I discuss this experience of aging with my peers and usually get an upbeat or at least a serene acceptance of reality as a response. Does anything get better as we grow older? Well, for one thing, I am more accepting of my own foibles. I figure that I’ve gotten away with being who I am for all these years, no need to fret over making improvements now. Am I a better painter? Well, I certainly know a lot more about making a painting look as I want it to. I remind my self of Titian and my old friend Richard, painting with power almost twenty years beyond the age I am at now.
I have just finished selecting slides to do a presentation and talk as part of a series of six artists doing the same. I will be the last. It was clear that there was development and learning and major advances in each of the retrospective slide shows already presented. What I see as I look at my own selection of images, past and current, is that there is a coolness now that wasn’t present when I was younger. A clarity and definition that wasn’t there before. The earliest work looks a little vague. Then it becomes very much alive and a little out of control. Kind of impassioned and unstructured. Maybe a little confused but quite vital. And coming to the present a richness and serenity set in.

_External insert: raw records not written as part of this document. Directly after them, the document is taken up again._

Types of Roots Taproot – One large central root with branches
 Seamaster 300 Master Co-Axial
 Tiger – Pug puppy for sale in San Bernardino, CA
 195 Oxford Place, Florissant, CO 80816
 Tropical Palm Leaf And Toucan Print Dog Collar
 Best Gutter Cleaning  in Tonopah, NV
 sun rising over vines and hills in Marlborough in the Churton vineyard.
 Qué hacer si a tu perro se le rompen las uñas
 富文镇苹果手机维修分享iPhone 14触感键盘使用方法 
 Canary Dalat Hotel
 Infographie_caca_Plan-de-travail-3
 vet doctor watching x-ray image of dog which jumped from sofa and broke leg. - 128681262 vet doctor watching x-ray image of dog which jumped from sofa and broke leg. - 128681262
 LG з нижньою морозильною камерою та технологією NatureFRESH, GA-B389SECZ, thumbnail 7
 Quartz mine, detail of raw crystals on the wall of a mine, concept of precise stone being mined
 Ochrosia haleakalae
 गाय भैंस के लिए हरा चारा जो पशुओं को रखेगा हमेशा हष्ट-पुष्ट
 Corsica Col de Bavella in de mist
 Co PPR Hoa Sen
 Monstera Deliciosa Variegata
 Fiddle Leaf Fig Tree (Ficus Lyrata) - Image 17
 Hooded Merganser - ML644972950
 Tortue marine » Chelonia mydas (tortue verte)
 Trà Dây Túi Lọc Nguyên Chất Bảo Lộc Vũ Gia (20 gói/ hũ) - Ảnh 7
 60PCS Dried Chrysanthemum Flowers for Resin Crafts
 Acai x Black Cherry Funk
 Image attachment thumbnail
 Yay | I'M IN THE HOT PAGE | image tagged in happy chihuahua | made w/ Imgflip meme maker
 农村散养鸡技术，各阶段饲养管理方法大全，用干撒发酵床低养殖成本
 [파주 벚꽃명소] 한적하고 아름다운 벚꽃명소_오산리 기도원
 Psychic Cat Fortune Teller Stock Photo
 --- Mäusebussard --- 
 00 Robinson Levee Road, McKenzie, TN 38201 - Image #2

I no longer struggle with a painting. The enjoyment of the process is greater. I know what I want and how to go for it. I am closer to the unattainable perfection I want and happy not to reach it. The work parallels the life. So alright, old age ain’t so bad. What I saw when I looked at those early paintings was that, yes, I can do better now.
The image above is Valentine, ©1987, acrylic and pastel on etching paper, 48” x 60”.